Assignment => Produce an exact transcription of the data, with the images left out.

Segment Start: Information supplied

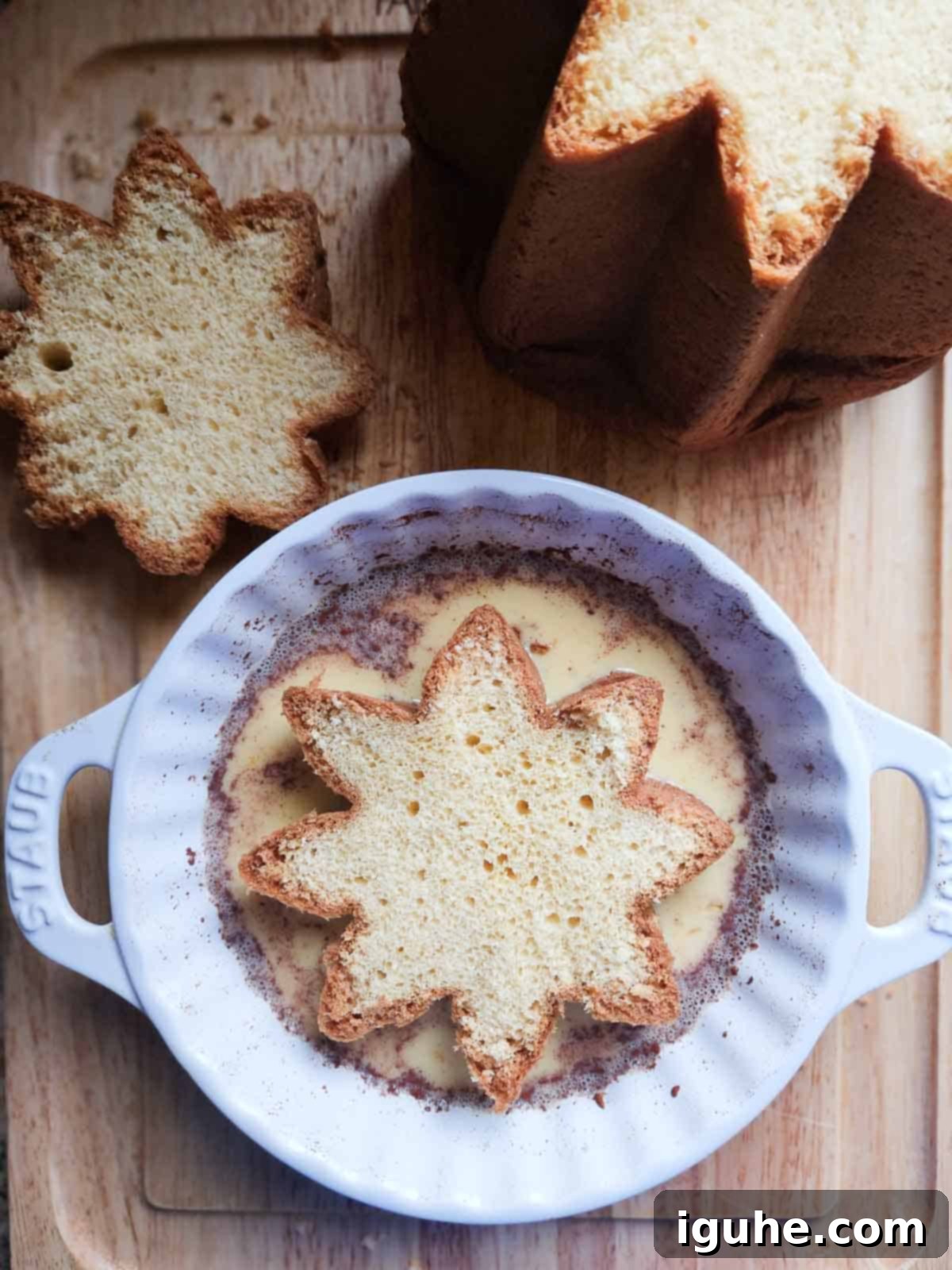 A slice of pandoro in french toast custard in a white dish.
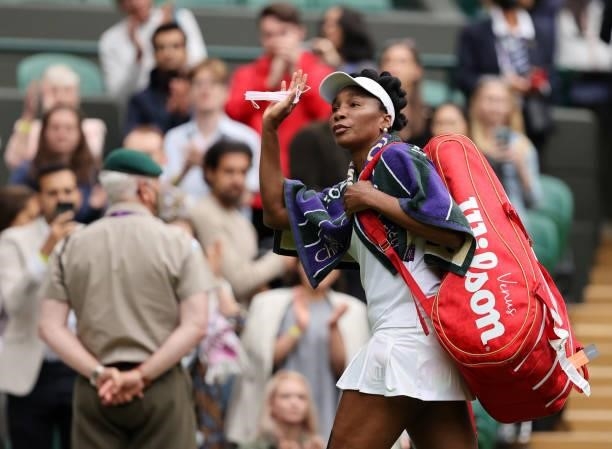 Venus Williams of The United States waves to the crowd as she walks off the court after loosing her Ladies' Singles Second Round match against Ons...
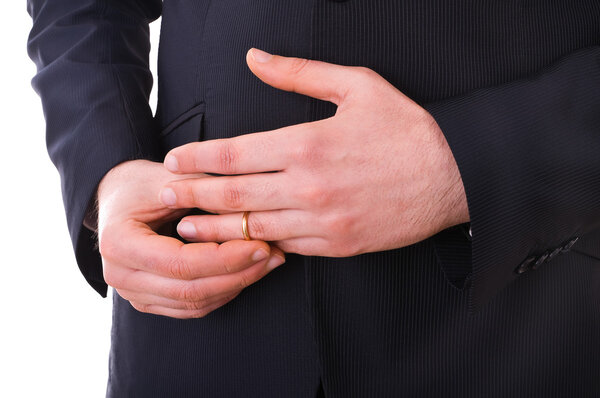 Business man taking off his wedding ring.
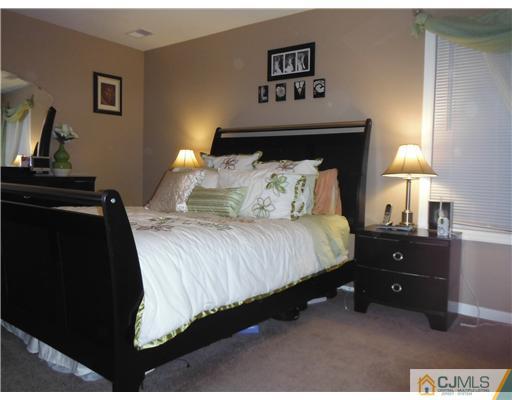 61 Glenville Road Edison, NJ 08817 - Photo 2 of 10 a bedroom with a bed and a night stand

Segment End: Information supplied

Exercise solution =>
 A slice of pandoro in french toast custard in a white dish.
 Venus Williams of The United States waves to the crowd as she walks off the court after loosing her Ladies' Singles Second Round match against Ons...
 Business man taking off his wedding ring.
 61 Glenville Road Edison, NJ 08817 - Photo 2 of 10 a bedroom with a bed and a night stand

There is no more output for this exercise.